Motherfucking Soccer

June 28, 2009

What the fucking fuck is that incessant loud buzzing sound filling the motherfucking stadium? It sounds like eleventeen bajillion fucktillion angry motherfucking bumble bees.

13 Responses to “Motherfucking Soccer”

  1. Mad Hatter Says:

    Who cares about the motherfucking bumble bees when we have GOOOOAAAALLLLLL!!!!!!

  2. puddy Says:

    brazille wins… the universe returns to its natural course… soccer still sucks.

  3. puddy Says:

    er… brazil. whatev…


  4. That shit really is painfully boring. So, does anyone know what that motherfucking buzzing sound was going on the whole fucking game?

  5. Mad Hatter Says:

    According to ESPN, it’s the sound of a plastic trumpet called a vuvuzela.

  6. chris Says:

    The plastic horns, known as vuvuzelas, give the impression of a hive of buzzing bees. –ny times

  7. Gonzo Says:

    LOL, I live close to a soccer stadium and hear this every weekend.

  8. LostMarbles Says:

    CPP,

    You have no place to complain about the boringness of any sport – you watch baseball.
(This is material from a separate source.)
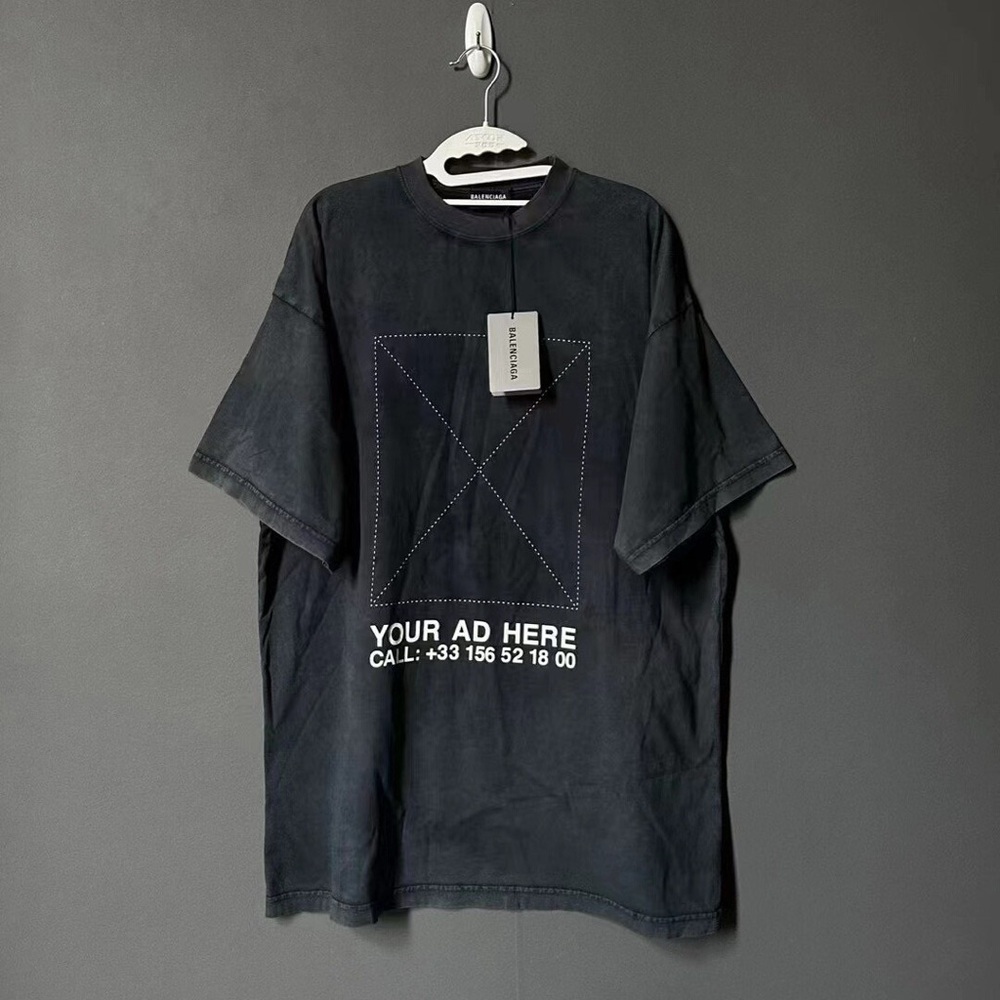 🚩steal authentic Balenciaga Black Graphic Tee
  9. At least in baseball there’s something to look at that makes sense. Watching soccer is like watching a couple dozen second graders running around the playground during recess.

  10. Gonzo Says:

    But the rules are simple:
    The round has to go into the square.
    (Badly translated German proverb)

    Now Baseball, there are people in funny costumes running in circles. Don’t get me wrong it’s more fun to watch than soccer, but it doesn’t make any sense to me.

  11. Gluecypher Says:

    And as an added value you get to see lotsa vale-tudo fighting going on after the games (and, given the right teams even on-field). Two for the price of one. Aaaand…a socker game is over after max. 2 and a half hours (2 x overtime plus penalty). And what do 10 overweight, steroid-doped morons in funny clothes running in cicles have to do with S-P-O-R-T-S??

  12. Gonzo Says:

    Sports?
    Now really, going downstairs from the fourth floor to the corner shop next door to buy a packet of cigarettes and then climbing upstairs again – that’s sports!
    Sitting in front of the telly to watch people running around – that’s entertainment.

  13. peter Says:

    Watching any sport is about the dumbest fucking thing anyone above the level of a fourth grader can do. What the shit, some assholes running along chasing some stupid objects around or trying to hit them with some derived farm equipment? What the fuck, you guys must have mush in your brains.

    Go, fuck your wifes, at least that gives you some exercise – if done in the proper position.